Roro Centil tak ayal segera
turutkan perintah, untuk gunakan ilmu pandangan mata batin. Namun tetap dia tak
melihat apa-apa.
"Segera kau akan melihat
wajah gurumu, bocah Centil!" berkata suara gaib si Manusia Banci. Dan
tiba-tiba di hadapan Roro terlihat segumpal asap putih yang semakin lama
semakin tebal. Lalu membentuk sesosok tubuh. Semakin lama semakin sempurna.
Hingga kejap berikutnya di hadapan Roro terlihat sesosok tubuh wanita cantik
berpakaian sutera putih. Itulah sosok tubuh si Manusia Aneh Pantai Selatan
alias si Manusia Banci.
"Guru ...!" teriak
Roro girang. "Ah, kau amat cantik sekali, guru...!" terperangah Roro
melihatnya. Arwah si Manusia Banci tersenyum menatap Roro dengan mata
bercahaya. Akan tetapi cuma sekejap. Ya! teramat cepat sekali. Roro belum puas
menatap, sosok tubuh jelmaan itu telah lenyap sirna.
"GURUUUU!" teriakan
Roro membarengi lenyapnya sosok tubuh sang guru yang telah mewarisi ilmu-ilmu
kedigjayaan yang membuat dia bergelar dengan gelar si Pendekar Wanita Pantai
Selatan.
Suara teriakannya terdengar
lagi berpantulan. Dan Roro tertegun bagai arca. Menatap ke hadapannya dengan
terlongong. Alam serasa hening seperti dalam mimpi.

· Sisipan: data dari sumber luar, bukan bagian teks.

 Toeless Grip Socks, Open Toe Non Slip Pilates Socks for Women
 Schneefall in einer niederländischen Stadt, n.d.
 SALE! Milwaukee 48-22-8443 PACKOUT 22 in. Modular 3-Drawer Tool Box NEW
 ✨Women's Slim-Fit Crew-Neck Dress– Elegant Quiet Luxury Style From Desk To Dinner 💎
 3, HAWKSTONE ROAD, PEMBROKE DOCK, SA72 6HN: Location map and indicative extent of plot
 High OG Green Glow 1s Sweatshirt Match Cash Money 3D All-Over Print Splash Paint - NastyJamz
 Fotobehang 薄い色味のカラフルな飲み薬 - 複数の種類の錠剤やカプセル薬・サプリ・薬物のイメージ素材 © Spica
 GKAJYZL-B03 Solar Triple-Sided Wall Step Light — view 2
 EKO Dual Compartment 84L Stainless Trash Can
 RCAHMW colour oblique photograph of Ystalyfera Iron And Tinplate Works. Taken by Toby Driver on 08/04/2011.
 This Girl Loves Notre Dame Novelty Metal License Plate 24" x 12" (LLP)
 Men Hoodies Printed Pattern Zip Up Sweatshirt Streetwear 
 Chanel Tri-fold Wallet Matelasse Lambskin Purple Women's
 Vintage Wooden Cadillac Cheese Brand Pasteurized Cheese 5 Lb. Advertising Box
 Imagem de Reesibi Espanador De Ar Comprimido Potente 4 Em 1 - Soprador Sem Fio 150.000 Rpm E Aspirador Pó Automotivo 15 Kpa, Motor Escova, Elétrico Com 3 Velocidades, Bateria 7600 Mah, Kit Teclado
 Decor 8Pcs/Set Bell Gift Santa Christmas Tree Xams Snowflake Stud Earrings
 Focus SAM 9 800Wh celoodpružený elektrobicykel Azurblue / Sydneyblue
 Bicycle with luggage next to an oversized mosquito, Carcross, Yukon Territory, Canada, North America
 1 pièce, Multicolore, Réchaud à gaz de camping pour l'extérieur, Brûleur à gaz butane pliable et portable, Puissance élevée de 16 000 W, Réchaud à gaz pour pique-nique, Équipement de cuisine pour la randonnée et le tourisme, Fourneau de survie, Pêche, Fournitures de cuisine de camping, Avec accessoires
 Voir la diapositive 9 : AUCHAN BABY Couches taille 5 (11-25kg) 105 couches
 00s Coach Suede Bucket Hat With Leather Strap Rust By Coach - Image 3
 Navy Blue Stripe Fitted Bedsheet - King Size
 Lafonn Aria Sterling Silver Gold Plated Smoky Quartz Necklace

Dua titik air mata dara ini
meleleh ke pipi. Terdengar suara Roro pelahan bercampur isak. "Selamat
jalan guru ..! Semoga arwahmu mendapat ketenangan di alam Baka ..!"
Di saat Roro tengah
termangu-mangu itulah tibatiba terdengar suara tertawa terkekeh-kekeh. Roro
tersentak kaget seraya menghapus air matanya. Membelalak mata Roro melihat
batang-batang pohon tanpa daun itu tiba-tiba berjuluran bagaikan ular ke
arahnya.
Tentu saja Roro segera sadar
bahaya apa yang mengancam pada dirinya.
Dengan perdengarkan teriakan
keras dia melompat menghindar. Secara reflek lengannya bergerak menghantam.
Bhlarrr! Bhlarrrl.
Dua hantaman itu membuat
batang-batang pohon yang berjuluran bagai ular itu hancur bertebaran. Akan
tetapi sejenak Roro ternganga karena melihat dirinya telah terkurung oleh
ratusan potongan batang pohon yang bergerak menghambur bagaikan lintah-lintah
raksasa ke arahnya.
"Edan! Gila! makhluk
apakah ini?" sentak Roro terperanjat.
Di samping ngeri juga merasa
aneh, Roro bertindak cepat untuk menghalau "lintah-lintah raksasa itu
dengan hantaman pukulan-pukulan-nya. Berlompatanlah Roro di antara
serpihan-serpihan hidup yang menakutkan itu.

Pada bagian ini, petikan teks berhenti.